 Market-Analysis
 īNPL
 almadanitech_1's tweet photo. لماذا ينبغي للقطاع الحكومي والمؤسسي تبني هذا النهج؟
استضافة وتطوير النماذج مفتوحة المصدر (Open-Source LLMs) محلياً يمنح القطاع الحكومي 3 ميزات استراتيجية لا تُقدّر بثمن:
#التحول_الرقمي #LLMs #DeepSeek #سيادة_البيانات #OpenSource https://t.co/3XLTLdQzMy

> _Task statement_
The full listing must be retyped exactly as it stands.

> _Solution_
 Market-Analysis
 īNPL
 almadanitech_1's tweet photo. لماذا ينبغي للقطاع الحكومي والمؤسسي تبني هذا النهج؟
استضافة وتطوير النماذج مفتوحة المصدر (Open-Source LLMs) محلياً يمنح القطاع الحكومي 3 ميزات استراتيجية لا تُقدّر بثمن:
#التحول_الرقمي #LLMs #DeepSeek #سيادة_البيانات #OpenSource https://t.co/3XLTLdQzMy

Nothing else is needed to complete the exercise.